Headed up with my wife aroun 2PM, and stayed until 5PM. Not exactly prime fishing hours, but we did OK. Managed 3 beautiful cuts, and missed about 5 more.
2 were caught by my wife, while I managed only 1. Mine was caught as I was reeling in to leave. Gotta love that. All were very healthy and good fighters.



http://widget.slide.com/rdr/1/1/4/S/2f0000000d3eb3d0/1/115/7PdL-4lYwz-
nh4Gb4lPQYwHNliRvo1ov.jpg


----------



## lehi (Sep 13, 2007)

Nice Cutts and nice Hendrix shirt man.


----------



## Oaks (Nov 16, 2007)

Nice Fish! I used to go up there a lot when i was a kid. are the blue gill still big?


----------



## LOAH (Sep 29, 2007)

Nice report. Great pictures too.

It's a beautiful area. Glad you pulled something out of there.

Bluegill? I never saw any bluegill in there.


----------



## stevo1 (Sep 13, 2007)

How about lakers? Always rumors of macks up there!


----------



## Jigz (Sep 30, 2007)

I am almost positive there arent any gills in there. No lakers either from what I know. There are some macs in one of the other lakes up there.
I was very glad to catch something from here, as I used to go up a lot when I was single and always did very well. The last few years however have left the smell of skunk thick in the air up there until this trip.
The water level is as high as it will go. I would love to get a tube out there, but cant imagine hiking it up that hill.
If you want to stock up on minnows, then this is the place. They school up in the thousands in a few places.


----------



## LOAH (Sep 29, 2007)

My Sentra made it halfway up that hill. Packing the tube the rest of the way wasn't too bad. You're right about the minnows too. Clouds of them.


----------



## Oaks (Nov 16, 2007)

Oops, Sorry I was thinking of Twin Lakes, Idaho. out of Preston.


----------



## Jigz (Sep 30, 2007)

Thats impressive that your little sentra made it that far. Thats a steep hill.


----------



## LOAH (Sep 29, 2007)

I almost had it up the part that stopped me, but the tires just wouldn't hold on and my momentum died. I was tempted to try it in reverse, but opted to play it safe instead.

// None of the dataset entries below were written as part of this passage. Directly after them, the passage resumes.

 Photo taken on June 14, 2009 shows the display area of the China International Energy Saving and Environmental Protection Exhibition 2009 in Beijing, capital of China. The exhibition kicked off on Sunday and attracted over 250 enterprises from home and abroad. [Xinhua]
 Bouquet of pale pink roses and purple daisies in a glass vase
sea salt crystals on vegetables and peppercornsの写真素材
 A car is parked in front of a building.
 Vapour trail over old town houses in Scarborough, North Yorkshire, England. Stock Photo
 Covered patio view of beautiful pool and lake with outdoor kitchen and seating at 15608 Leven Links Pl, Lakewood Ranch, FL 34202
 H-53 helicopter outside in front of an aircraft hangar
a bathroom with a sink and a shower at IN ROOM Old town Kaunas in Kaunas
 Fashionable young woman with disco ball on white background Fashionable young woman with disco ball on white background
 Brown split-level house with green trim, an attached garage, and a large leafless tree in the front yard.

The rest of the way would've been fine, it's just that middle spot that held me up.

Needless to say, I smelled some clutch when I parked.


----------



## soda (Nov 19, 2008)

Nice!! What were you using? Is it normally hard to drive up there?


----------



## Jed (Feb 25, 2009)

Pardon my ignorance, but where is Twin Lakes?


----------



## Nor-tah (Dec 16, 2007)

Big Cottonwood Cnyn.


----------